:: INSTRUCTIONS TO FOLLOW ::
Within the records that follow, restate exactly the lines from the line with "无壳核桃的全景拍摄图片素材" down to the line with "Polera niño con dinosaurio 2 años / Mostaza", including both. Omit the pictures.

:: EXERCISE DATA ::

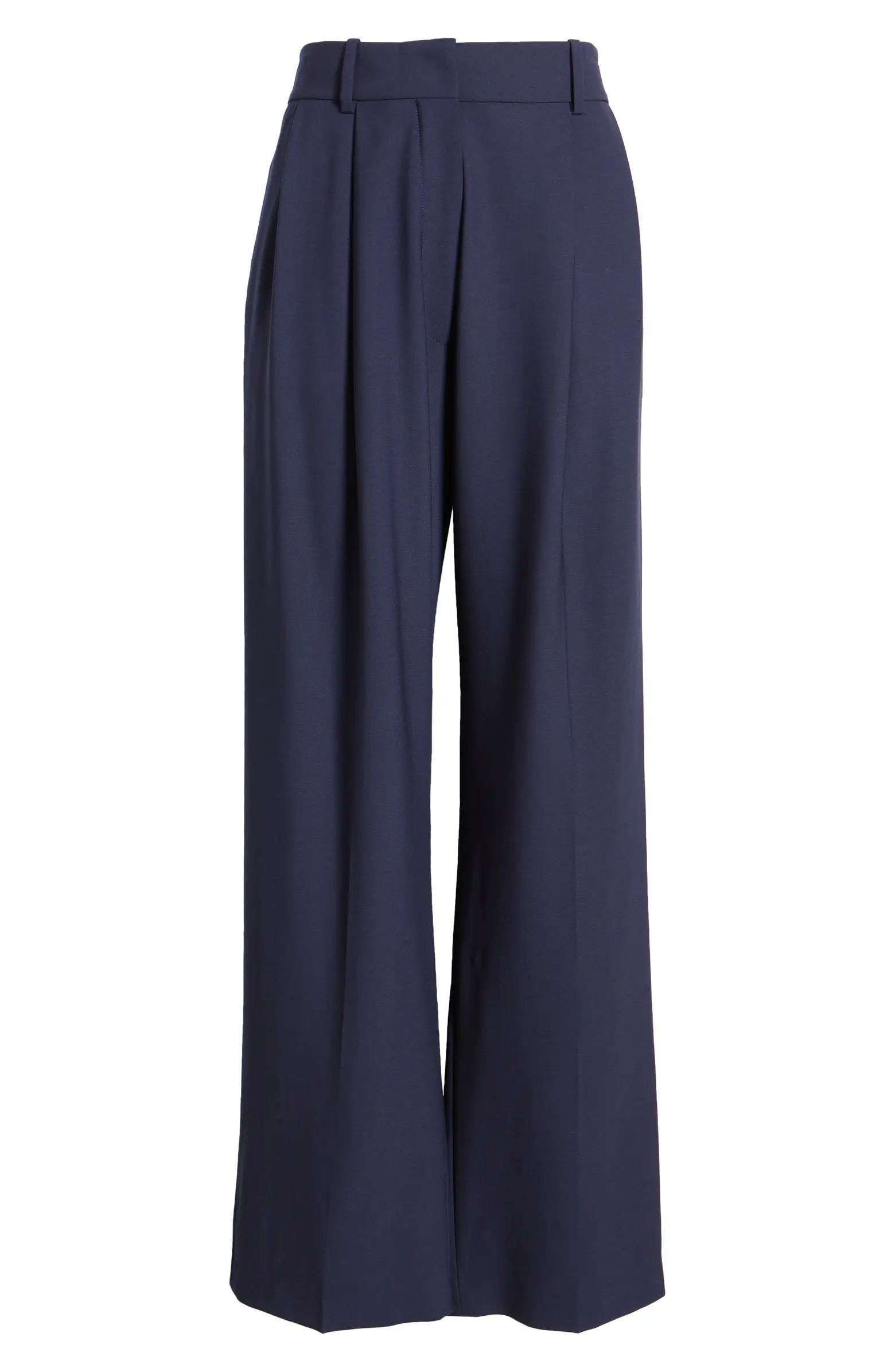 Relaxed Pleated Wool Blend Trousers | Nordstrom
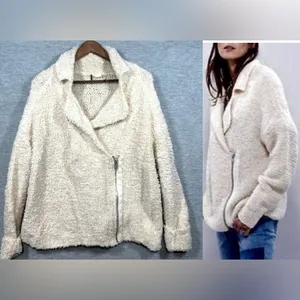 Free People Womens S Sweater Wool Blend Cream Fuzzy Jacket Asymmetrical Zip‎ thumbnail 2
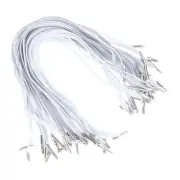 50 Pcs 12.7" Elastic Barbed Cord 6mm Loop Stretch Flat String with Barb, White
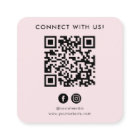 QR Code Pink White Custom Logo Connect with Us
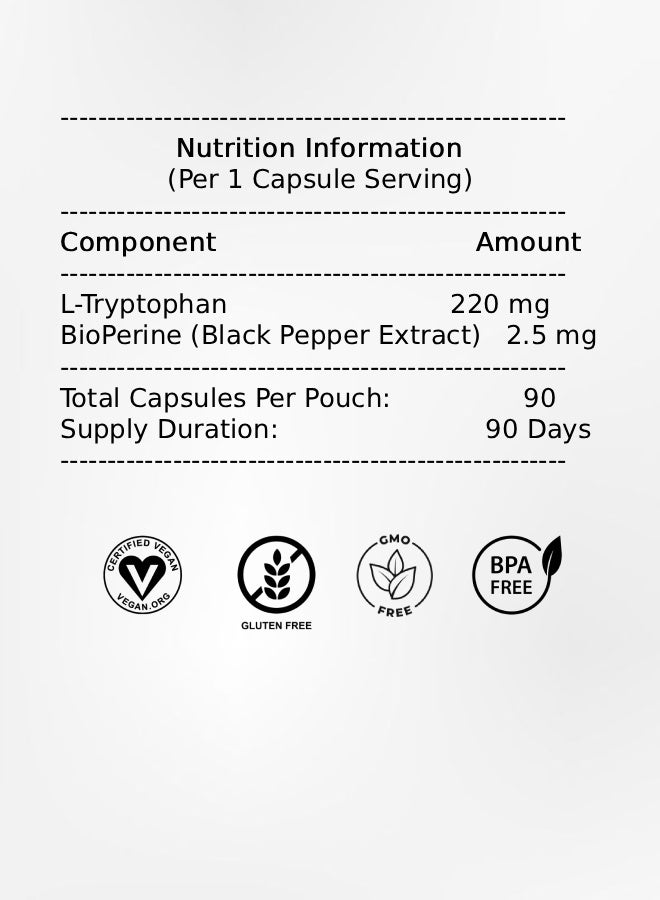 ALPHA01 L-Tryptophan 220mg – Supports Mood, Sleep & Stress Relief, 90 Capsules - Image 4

---

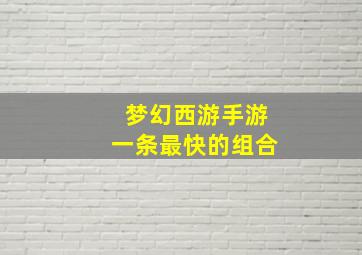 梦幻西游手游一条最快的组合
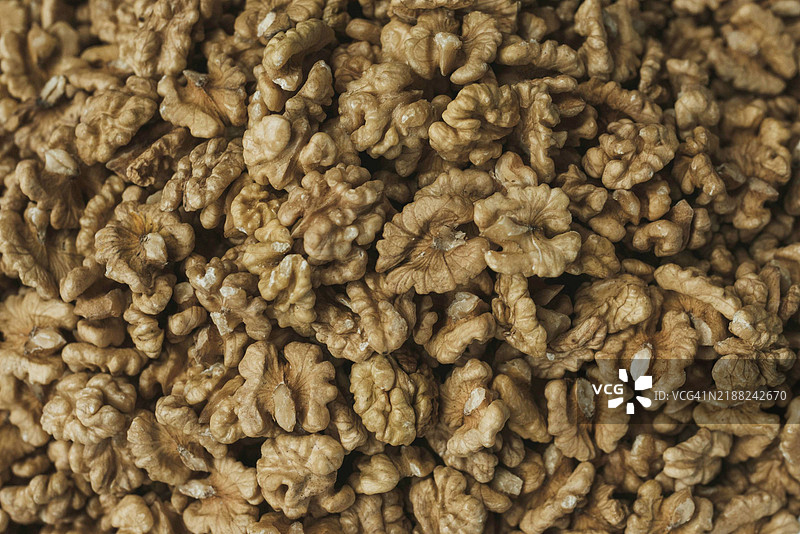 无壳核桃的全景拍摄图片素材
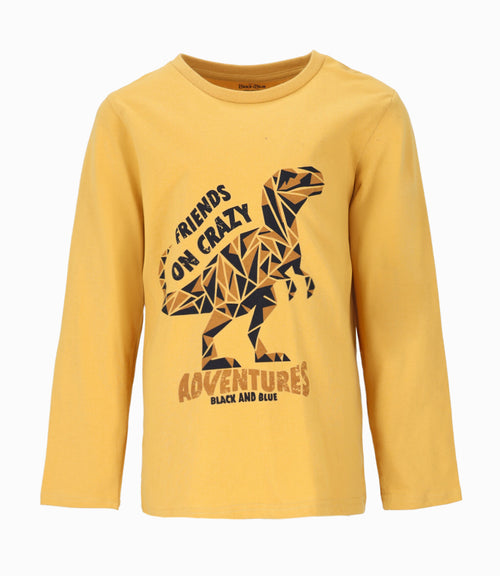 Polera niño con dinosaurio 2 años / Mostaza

* * *

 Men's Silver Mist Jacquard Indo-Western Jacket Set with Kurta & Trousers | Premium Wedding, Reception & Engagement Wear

:: ANSWER SECTION ::
 无壳核桃的全景拍摄图片素材
 Polera niño con dinosaurio 2 años / Mostaza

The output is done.